11.4 Variance and standard deviation | Statistics

11.4 Variance and standard deviation (EMBK8)

Measures of central tendency (mean, median and mode) provide information on the data values at the centre of the data set. Measures of dispersion (quartiles, percentiles, ranges) provide information on the spread of the data around the centre. In this section we will look at two more measures of dispersion called the variance and the standard deviation.

Video: 23CV

Variance (EMBK9)

Variance

Let a population consist of \(n\) elements, \(\{x_1; x_2; \ldots; x_n\}\). Write the mean of the data as \(\overline{x}\).

The variance of the data is the average squared distance between the mean and each data value. \[\sigma^2 = \frac{\sum_{i=1}^n \left(x_i - \overline{x}\right)^2}{n}\]

The variance is written as \(\sigma^2\). It might seem strange that it is written in squared form, but you will see why soon when we discuss the standard deviation.

The variance has the following properties.

It is never negative since every term in the variance sum is squared and therefore either positive or zero.
It has squared units. For example, the variance of a set of heights measured in centimetres will be given in centimeters squared. Since the population variance is squared, it is not directly comparable with the mean or the data themselves. In the next section we will describe a different measure of dispersion, the standard deviation, which has the same units as the data.

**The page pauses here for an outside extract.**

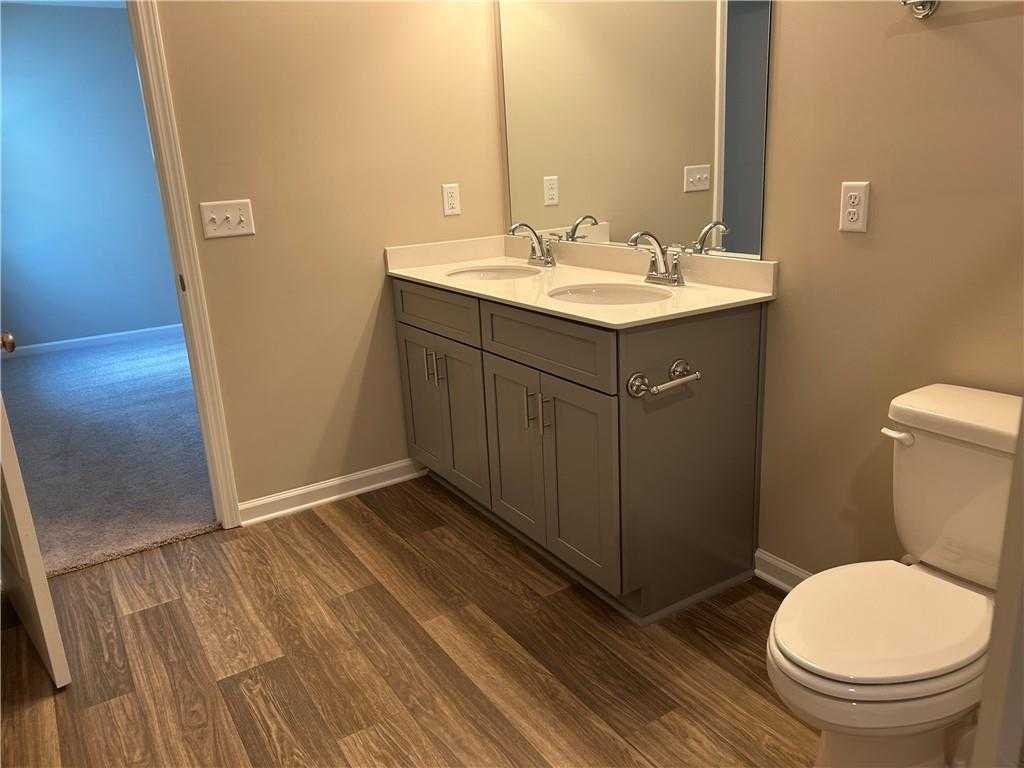 Modern master bathroom featuring double vanity with gray cabinets, dual sinks, and luxury vinyl plank flooring in Davidson Homes The Washington, Phenix City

Worked example 10: Variance

You flip a coin \(\text{100}\) times and it lands on heads \(\text{44}\) times. You then use the same coin and do another \(\text{100}\) flips. This time in lands on heads \(\text{49}\) times. You repeat this experiment a total of \(\text{10}\) times and get the following results for the number of heads. \[\{44; 49; 52; 62; 53; 48; 54; 49; 46; 51\}\]

Compute the mean and variance of this data set.

Compute the mean

The formula for the mean is \[\overline{x} = \frac{\sum_{i=1}^n x_i}{n}\]

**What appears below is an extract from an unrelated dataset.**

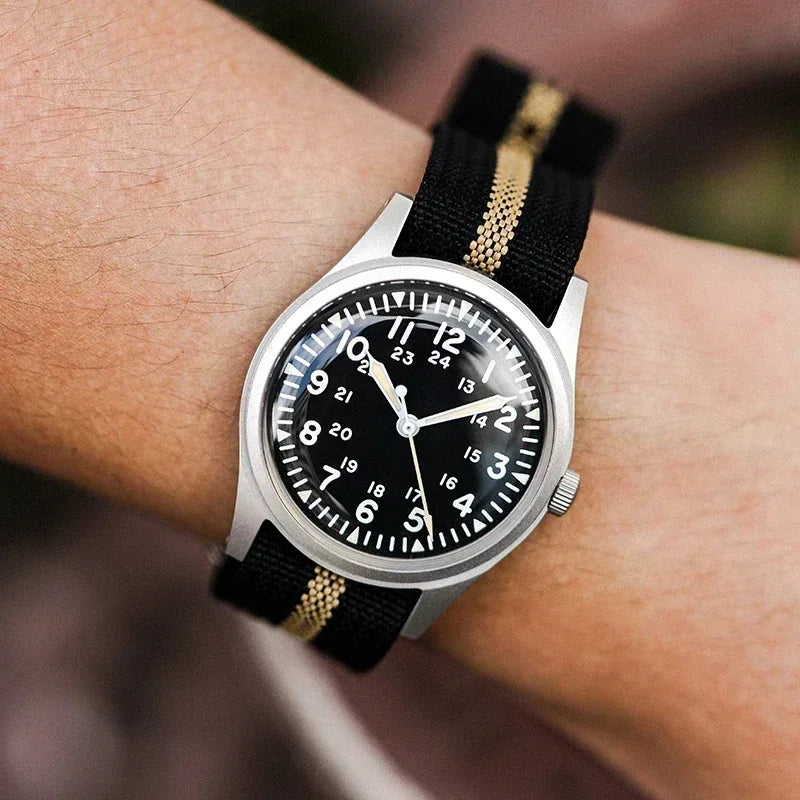 Men's military style field watch with black dial worn on a wrist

In this case, we sum the data and divide by \(\text{10}\) to get \(\overline{x} = \text{50,8}\).

Compute the variance

The formula for the variance is \[\sigma^2 = \frac{\sum_{i=1}^n \left(x_i - \overline{x}\right)^2}{n}\]

We first subtract the mean from each datum and then square the result.

\(x_i\)	\(\text{44}\)	\(\text{49}\)	\(\text{52}\)	\(\text{62}\)	\(\text{53}\)	\(\text{48}\)	\(\text{54}\)	\(\text{49}\)	\(\text{46}\)	\(\text{51}\)
\(x_i - \overline{x}\)	\(-\text{6,8}\)	\(-\text{1,8}\)	\(\text{1,2}\)	\(\text{11,2}\)	\(\text{2,2}\)	\(-\text{2,8}\)	\(\text{3,2}\)	\(-\text{1,8}\)	\(-\text{4,8}\)	\(\text{0,2}\)
\((x_i - \overline{x})^2\)	\(\text{46,24}\)	\(\text{3,24}\)	\(\text{1,44}\)	\(\text{125,44}\)	\(\text{4,84}\)	\(\text{7,84}\)	\(\text{10,24}\)	\(\text{3,24}\)	\(\text{23,04}\)	\(\text{0,04}\)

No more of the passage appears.